Tuesday, August 23, 2005

Islam And The Iraqi Constitution

Bill Roggio at the Fourth Rail has some encouraging interpretation of the text of the proposed Iraqi constitution. (Hat tip: Instapundit) The most encouraging section reads as follows:
Article Seven denounces terrorism and vows to fight it. Chapter Six, Article 151 grants the women one-quarter of the seats on the assembly. Article 36 grants “Freedom of expression by all means” and “Freedom of the press, printing, advertising and publishing.” Article 39 states “Iraqis are free to abide in their personal lives according to their religion, sects, beliefs or choice.” The rights of various ethnic groups are protected throughout the document. These are not the guarantees of an Islamist state such as that of the Taliban or Iran.
In light of concerns about women's rights in Iraq that I detailed in a previous post here, I find the provision granting women one-quarter of the assembly seats particularly good news.

I'm no expert in how Iraqi politics or law will work, but there are some areas that seem generic enough to cause problems. For example:
1. Islam is a main source for legislation.

* a. No law may contradict Islamic standards.

* b. No law may contradict democratic standards.

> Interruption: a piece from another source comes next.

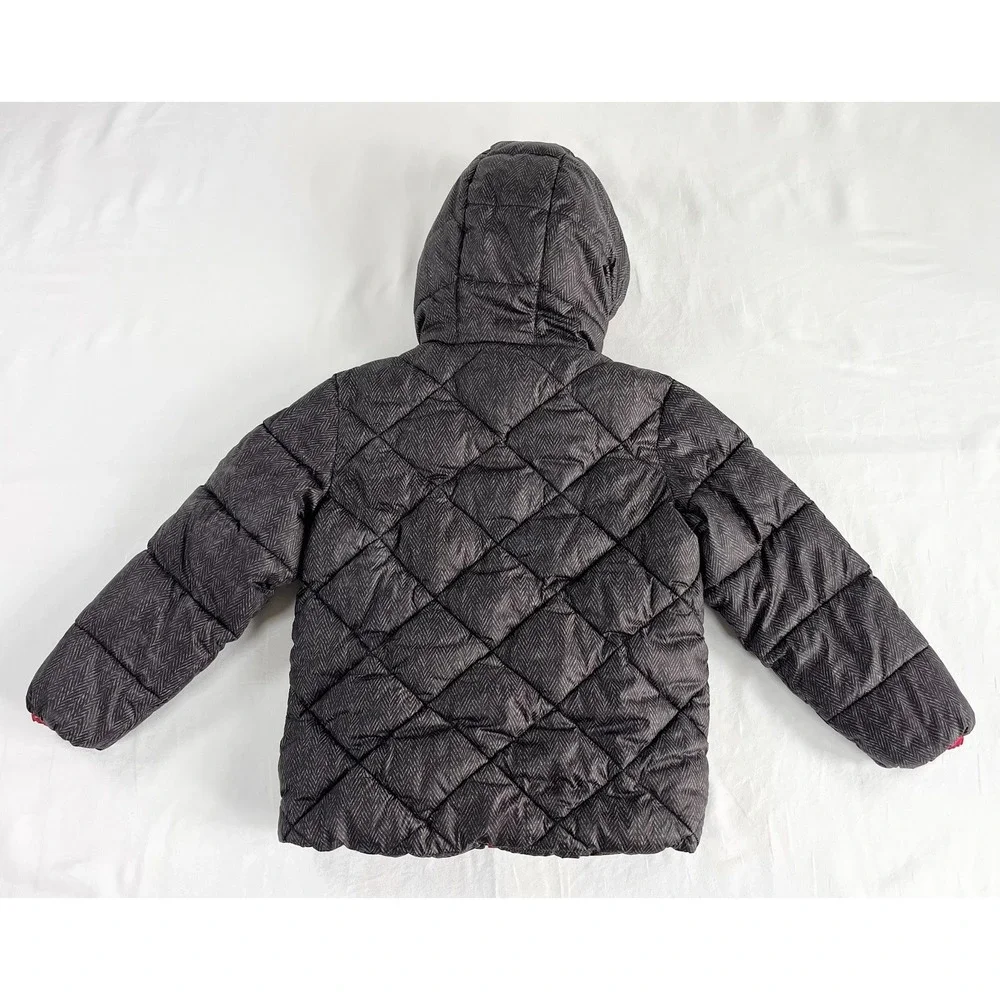 Snozu Kids Youth Puffer‎ Jacket Size 5 Black Red Hooded Fleece Lined Coat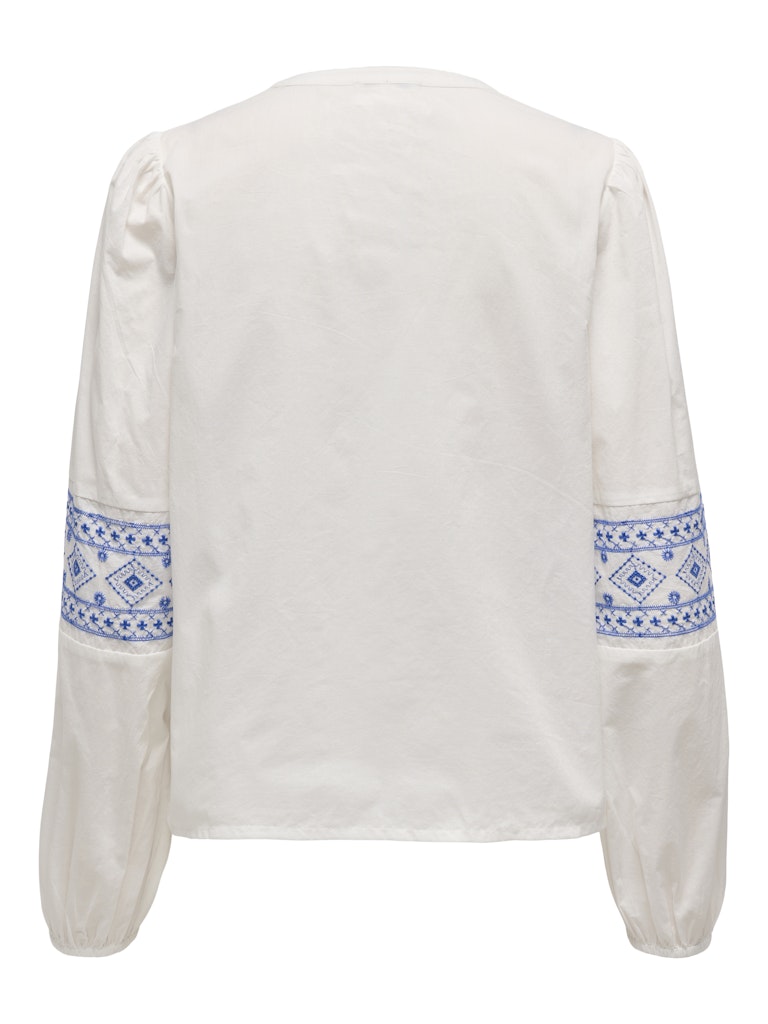 LULU EMBROIDERY SHIRT - CLOUD DANCER/BLUE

* c. No law may contradict the essential rights and freedoms mentioned in this constitution.
I would think there are some Islamic standards that would be at odds with democratic standards or essential rights and freedoms. However, the inclusion of (b) and (c) would suggest that an Islamic run state is not being created. Rich Lowry at the NRO had this to say about this section:
The Iraq draft appears to be similar. In addition to the broad bill of rights, our translation of the Islam provision states that ‘no law shall be enacted that contradicts [Islam’s] established provisions, the principles of democracy, [or] the rights and basic freedoms stipulated in this constitution.’ This is actually a better formulation than Afghanistan’s model.
Lowry also adds:
The same provision also protects ‘all the religious rights of all individuals in the freedom of belief and religious practice’ – a provision consistent with international standards and identical to the widely praised Transitional Administrative Law (TAL), the interim constitution signed by the Iraq Interim Governing Council in 2004.

In addition, Islam is declared to be ‘a’ – not ‘the’– source of legislation, a victory to secularists and roughly in line with the TAL formulation.
There's a wealth of additional reactions to the text of the Iraqi constitution; much of it seems positive. I'll remain cautiously optimistic.